# Case Study 3 - Email Spam

__Team Members:__ Amber Clark, Andrew Leppla, Jorge Olmos, Paritosh Rai

# Team Strategy

Emails are read in.  Kept: From, Subject, Body.
- Remove \n with regex
- Remove other non-alphabetic characters - keep the counts?

Feature Extraction:
1. Vectorization - TFIDF (removes stop words)
If we have time:
2. Created 'trusted' and 'spam' email address book to filter spam - IS THIS OUT OF SCOPE PER SCOPE?

Model:
Classification with Naive Bayes - Amber, Jorge
1. Subject Only = Baseline
2. Body (+Subject?)

Clustering:
DBSCAN with cosine distance for NLP - Andrew, Paritosh

# Content
* [Business Understanding](#business-understanding)
    - [Scope](#scope)
    - [Introduction](#introduction)
    - [Methods](#methods)
    - [Results](#results)
* [Data Evaluation](#data-evaluation)
    - [Loading Data](#loading-data) 
    - [Data Summary](#data-summary)
    - [Missing Values](#missing-values)
    - [Feature Removal](#feature-removal)
    - [Exploratory Data Analysis (EDA)](#eda)
    - [Assumptions](#assumptions)
* [Model Preparations](#model-preparations)
    - [Sampling & Scaling Data](#sampling-scaling-data)
    - [Proposed Method](#proposed-metrics)
    - [Evaluation Metrics](#evaluation-metrics)
    - [Feature Selection](#feature-selection)
* [Model Building & Evaluations](#model-building)
    - [Sampling Methodology](#sampling-methodology)
    - [Model](#model)
    - [Performance Analysis](#performance-analysis)
* [Model Interpretability & Explainability](#model-explanation)
    - [Examining Feature Importance](#examining-feature-importance)
* [Conclusion](#conclusion)
    - [Final Model Proposal](#final-model-proposal)
    - [Future Considerations and Model Enhancements](#model-enhancements)
    - [Alternative Modeling Approaches](#alternative-modeling-approaches)

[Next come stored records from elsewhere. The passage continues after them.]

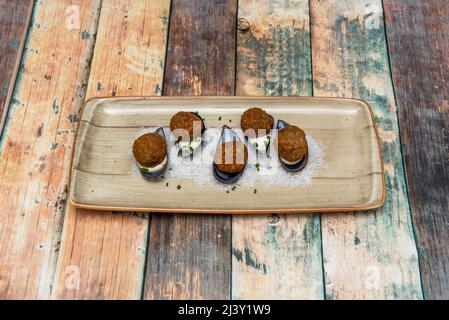 Köstliche Garnelenkroketten serviert Marinara-Stil auf Muschelschalen, grobem Salz, Schnittlauch, Mayonnaise und einem beigen Teller auf einem Holztisch Stockfoto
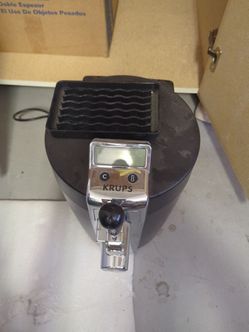 This is a Krups BeerTender home draught beer tap and cooling system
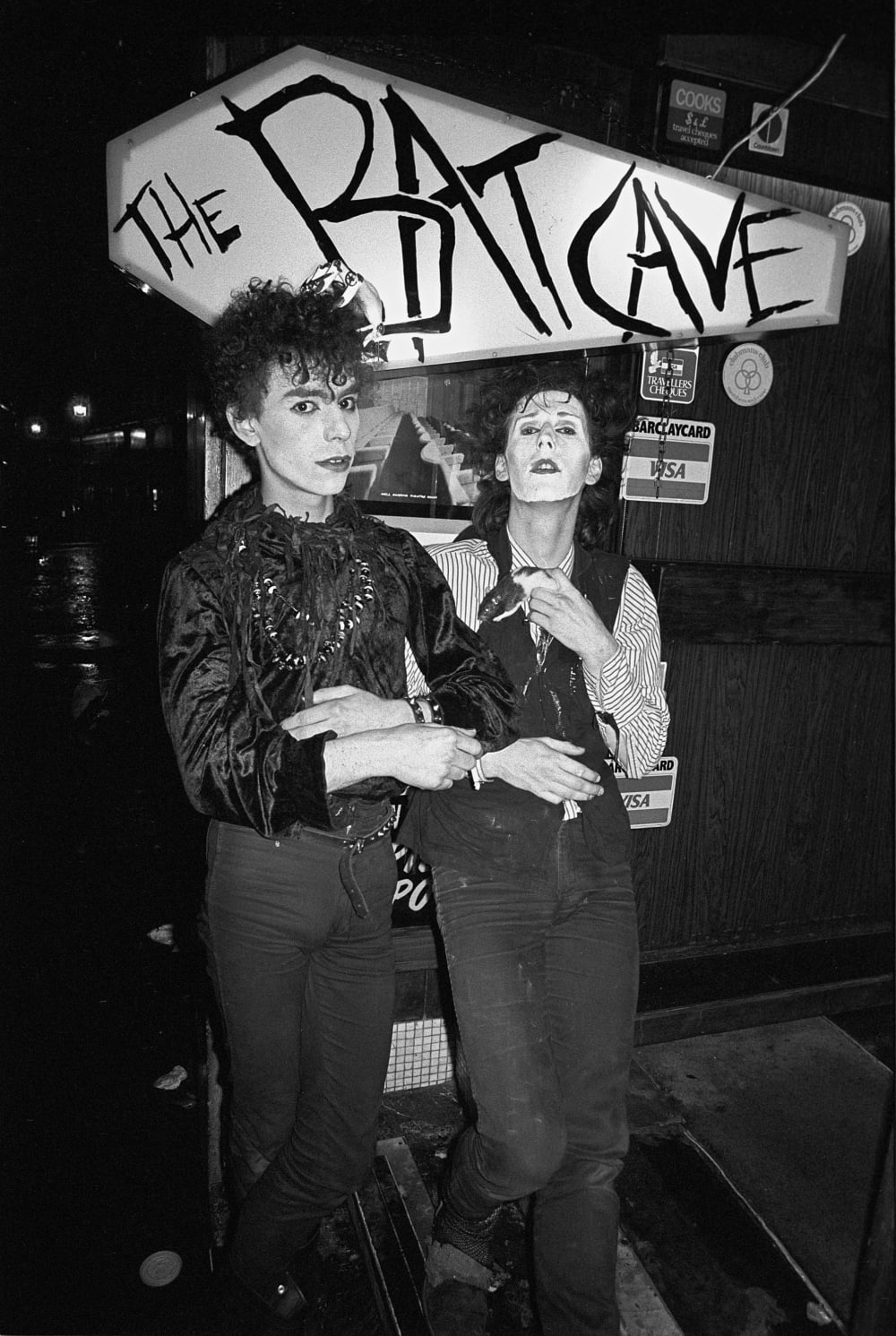 a black and white photograph of two goths under a sign that says BatCave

# Business Understanding & Executive Summary <a id='business-understanding'/>

What are we trying to solve for and why is it important?


### Scope <a id='scope'/>


### Introduction <a id='introduction'/>


### Methods <a id='methods'/>
 
 
### Results <a id='results'/>
 

# Data Evaluation <a id='data-evaluation'>
    

Summarize data being used?

Are there missing values?

Which variables are needed and which are not?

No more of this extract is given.